The taser shot shocks Jin pretty bad and makes him fall to his knees. He grunts in pain :

- What... the hell, man !?

He claws on the floor, trying to endure the pain that just shocked through his entire body.


----------



## nikolai_resnov (May 13, 2019)

The agent called into another saying he had tagged one as Nikolai gets hit with a trequillizer which knocked him out could as a voice over the radio replied "second one down"


----------



## Linkin Spark (May 14, 2019)

- Grrrrr... down, my ass !

Jin tries to break himself out of the shock, then uses all his strength to get up and quickly stabs the knife in the agent's leg, then uses his entire weight (about 300+ kg) to pull the agent down and stabs the knife in the agent's hand, as hard as he can.
Then Jin violently hauls the agent back up and shoves him towards the others. Right after that, he throws himself back to stand on his tail, and lands a heavy kick with both his hooves at the stabbed agent in the chest, knocking him right into the others.
He rushes to Nikolai and hauls him over his shoulders.

- Later, suckers !


----------



## nikolai_resnov (May 15, 2019)

Just as Jin had picked up Nikolai there was a quick pricking feel in his back as the agent that shot Nikolai hit Jin with the same tranquillizer, this causing Nikolai to feel heavier as the sedative began to take affect


----------



## Linkin Spark (May 15, 2019)

- Nnnngh !... Grrr !

Jin tries to fight back the sedative as he makes the run for it, though he starts to feel sleepy and dizzy that he stumbles around. His hooves just make it hard for him to run, let alone without causing the noises... soon enough he can't take it anymore, and rushes into the nearest room.
With what little strength left, he locks the door and blocks it with the tables and chairs... until he collapses on the floor.

- Ugh...


----------



## GrimnCoyote (May 15, 2019)

Grimn slinked down the hall in a half asleep state. The testing the day before had depleted most of her energy and all she wanted to do was lay in her bed for the rest of the evening. Suddenly her yellow and green eyes widened as a wounded agent stumbles towards a coyote. Frantically she hides behind some lockers as the man brings out his radio. "Ugh...this is Agent 1678, I require immediate backup", his voice sounds metallic and raspy, "There are multiples meta-powered individuals in my proximity". Carefully sneaking closer she sets her eyes upon the man and one of her own species. Without making a sound she taps his shoulder. "Huh?", the agent glares behind him unaware Grimn had teleported in front of him. He darts his attention forward only to realise his mistake, "hey, top right there". A bright red light temporarily blinds him, once his vision was regained both coyotes disappeared without a trace. 

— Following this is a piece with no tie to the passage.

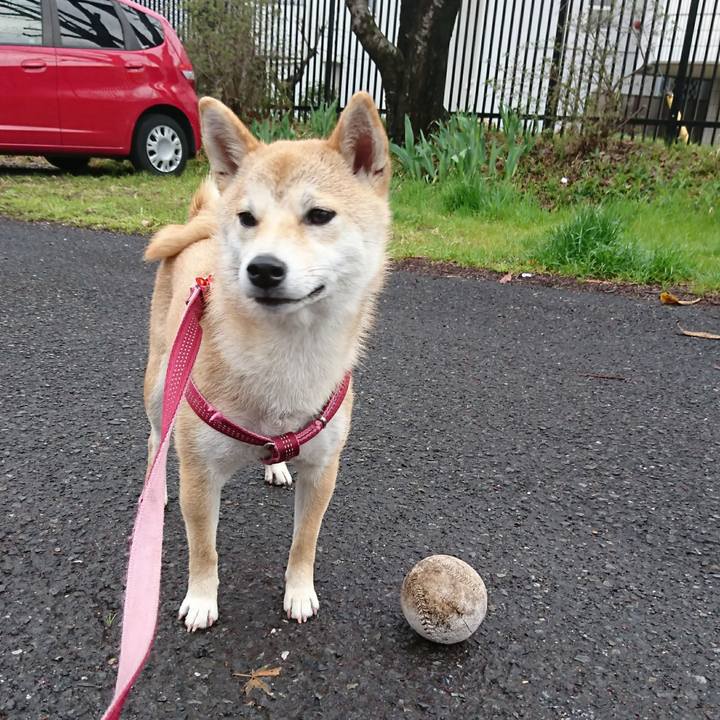 C7263920 e0d8 4cc5 9e8e 94e0e3c42ca7 1521852289830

Suddently they both reappeared in the room with Jin. Grimn sets the boy down and begins looking for a way out, "Good job Grimn now your going to be killed because you saved some random coyote".


----------



## Linkin Spark (May 15, 2019)

GrimnCoyote said:


> "Good job Grimn now your going to be killed because you saved some random coyote".


(uh, who says this ? if I read it right, there's only you (Grimn) and Nikolai ( @nikolai_resnov ) in the room with me, and both me and Nikolai are too dizzy to say anything now)


----------



## GrimnCoyote (May 16, 2019)

(Grimn's just talking to herself)


----------



## Linkin Spark (May 17, 2019)

(aye got it)
(welp, gotta wait for Nikolai to get things running)


----------



## GrimnCoyote (May 19, 2019)

(Nikolai sure is taking a while to get back)


----------



## Linkin Spark (May 20, 2019)

(Yep, this is gonna take a while)


----------



## GrimnCoyote (May 20, 2019)

(How long does he typically take to get back?)


----------



## Cendrag Roseheart (May 20, 2019)

(years..)


----------



## Koriekraiz13 (Jul 1, 2019)

(Is it possible for me to join?)


----------



## nikolai_resnov (Jul 25, 2019)

(well that's a bit surprising didn't really anticipate so many others, rl situations came up and furaffinity was giving me some trouble at the login)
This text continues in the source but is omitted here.